Style - Civilisation

Following four initial editions, the fifth Triennale di Milano opened on 10 May 1933. It was the first to be organised under the auspices of the newly created Bureau International des Expositions (BIE), after being recognised on 27 October 1932.

Architecture was the protagonist of this edition of the Triennale, under the influence of the Italian Government of the time, which focused on modern architecture and figurative art, with an extensive series of murals and sculptures coordinated by Mario Sironi. The majority of international participants contributed to the Exhibition of Decorative and Industrial Arts, which was relegated to a secondary role.

Triennale di Milano 1933 was the first edition to take place in the newly built Pallazzo dell’Arte, designed by Giovanni Muzio. Various parts of the building were decorated by the best of Italian artists, including Massimo Campigli, Carlo Carrà, Felice Casorati, Giorgio de Chirico, Achille Funi, Marino Marini, Arturo Martini and Gino Severini.

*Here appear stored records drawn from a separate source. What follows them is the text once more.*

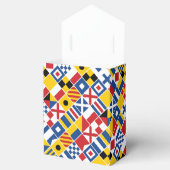 Nautisch signaal vlaggen patroon bedankdoosjes (Geopend)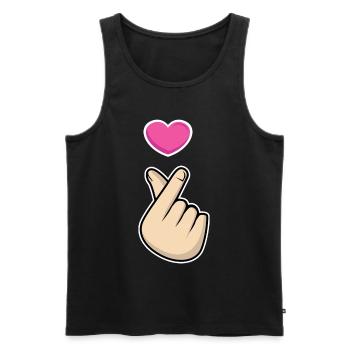K-Pop Hand Symbol Kpop Heart Korean Love Music - Débardeur bio Premium Homme - noir - Devant - AI Model Male 178 light (178cm)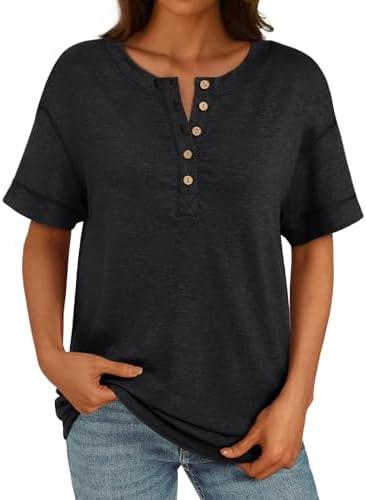 AUTOMET Womens Short Sleeve Henley Shirts Summer Dressy Casual Flowy Tops Loose Fit Basic Trendy Fashion Blouses 2025 Black M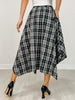 Plaid Unevenhem Midi Skirt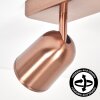 Spot de plafond LED Lemak moderne à trois têtes orientables en métal bronze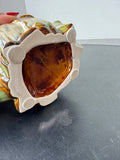 Majolica Style Vintage Cabbage Leaf Teapot with Bird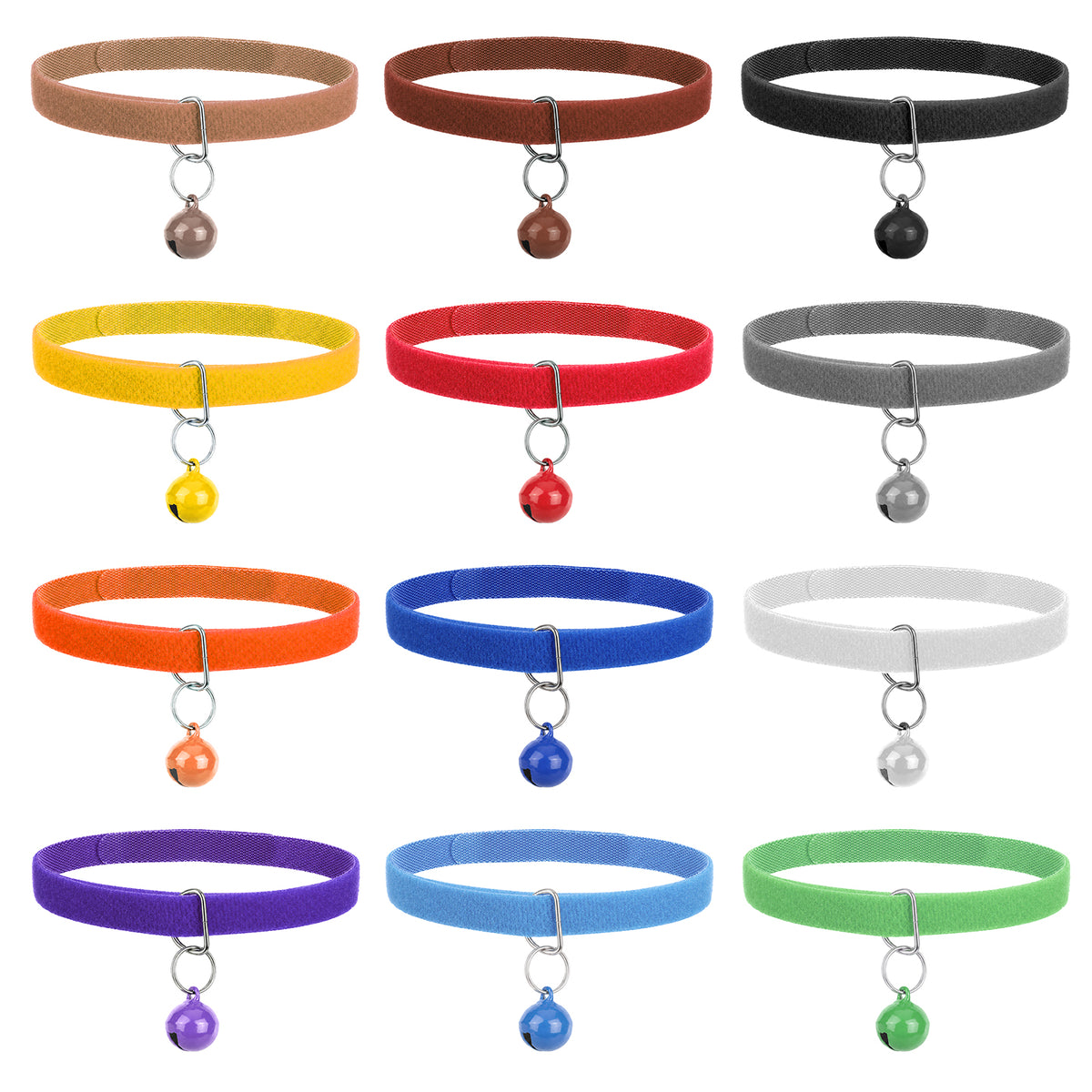 12 PCS Tiny Kitten Collar with Bell, Newborn Puppy Whelping Collars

The fifth Triennale also marked the beginning of a custom: the utilisation of the Parco Sempione as an open-air museum, with the erection of 40 temporary constructions. Overlooking them all was a permanent structure – Gio Ponti’s Torre Littoria, which has since been renamed Torre Branca. The majority of the temporary buildings were designed by rationalist architects. Overall, the exhibition was a reflection of modern European architecture and of Italian Rationalism, recognised by the Italian Government of the era as the technical and cultural vanguard of the national modernisation process.